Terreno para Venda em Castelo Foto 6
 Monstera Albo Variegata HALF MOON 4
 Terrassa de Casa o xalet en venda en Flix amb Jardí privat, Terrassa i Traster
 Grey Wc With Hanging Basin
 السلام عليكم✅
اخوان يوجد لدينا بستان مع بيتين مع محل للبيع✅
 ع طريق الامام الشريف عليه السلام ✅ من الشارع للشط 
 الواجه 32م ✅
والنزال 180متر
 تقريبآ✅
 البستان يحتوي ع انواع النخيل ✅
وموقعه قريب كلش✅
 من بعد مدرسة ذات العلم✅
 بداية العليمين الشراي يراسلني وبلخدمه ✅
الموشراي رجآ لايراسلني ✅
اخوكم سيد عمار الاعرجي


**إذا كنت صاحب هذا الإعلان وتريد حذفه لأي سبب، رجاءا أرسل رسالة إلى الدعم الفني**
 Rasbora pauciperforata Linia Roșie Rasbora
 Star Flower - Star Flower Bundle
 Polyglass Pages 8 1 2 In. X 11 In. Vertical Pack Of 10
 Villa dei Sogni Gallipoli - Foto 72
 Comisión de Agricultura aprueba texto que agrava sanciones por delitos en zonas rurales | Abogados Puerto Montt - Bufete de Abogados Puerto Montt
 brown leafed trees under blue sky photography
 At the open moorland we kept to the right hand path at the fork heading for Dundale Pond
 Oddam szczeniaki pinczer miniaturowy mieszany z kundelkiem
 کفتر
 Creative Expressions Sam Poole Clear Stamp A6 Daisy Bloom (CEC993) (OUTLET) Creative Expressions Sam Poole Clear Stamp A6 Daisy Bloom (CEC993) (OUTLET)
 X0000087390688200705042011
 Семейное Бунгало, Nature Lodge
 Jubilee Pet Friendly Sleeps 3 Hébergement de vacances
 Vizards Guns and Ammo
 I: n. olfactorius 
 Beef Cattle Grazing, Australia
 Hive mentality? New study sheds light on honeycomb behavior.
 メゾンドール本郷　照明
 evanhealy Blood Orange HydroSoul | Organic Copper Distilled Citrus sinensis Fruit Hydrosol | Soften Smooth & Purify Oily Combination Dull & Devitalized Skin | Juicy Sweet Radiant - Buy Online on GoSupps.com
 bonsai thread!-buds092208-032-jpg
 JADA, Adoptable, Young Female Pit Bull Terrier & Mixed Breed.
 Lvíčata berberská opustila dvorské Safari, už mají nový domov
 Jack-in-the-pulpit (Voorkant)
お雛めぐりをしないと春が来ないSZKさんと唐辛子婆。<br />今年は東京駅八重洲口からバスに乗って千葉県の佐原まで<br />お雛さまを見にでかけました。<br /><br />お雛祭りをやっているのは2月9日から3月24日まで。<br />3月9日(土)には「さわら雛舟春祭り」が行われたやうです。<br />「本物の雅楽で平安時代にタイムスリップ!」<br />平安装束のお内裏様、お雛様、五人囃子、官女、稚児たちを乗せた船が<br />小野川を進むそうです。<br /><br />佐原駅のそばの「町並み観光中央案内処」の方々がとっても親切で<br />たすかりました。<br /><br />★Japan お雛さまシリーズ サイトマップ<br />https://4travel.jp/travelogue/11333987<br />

| Action item |
Say how many lines of the data above have the string "Foto" in them, and write nothing besides that number.

| Exercise response |
2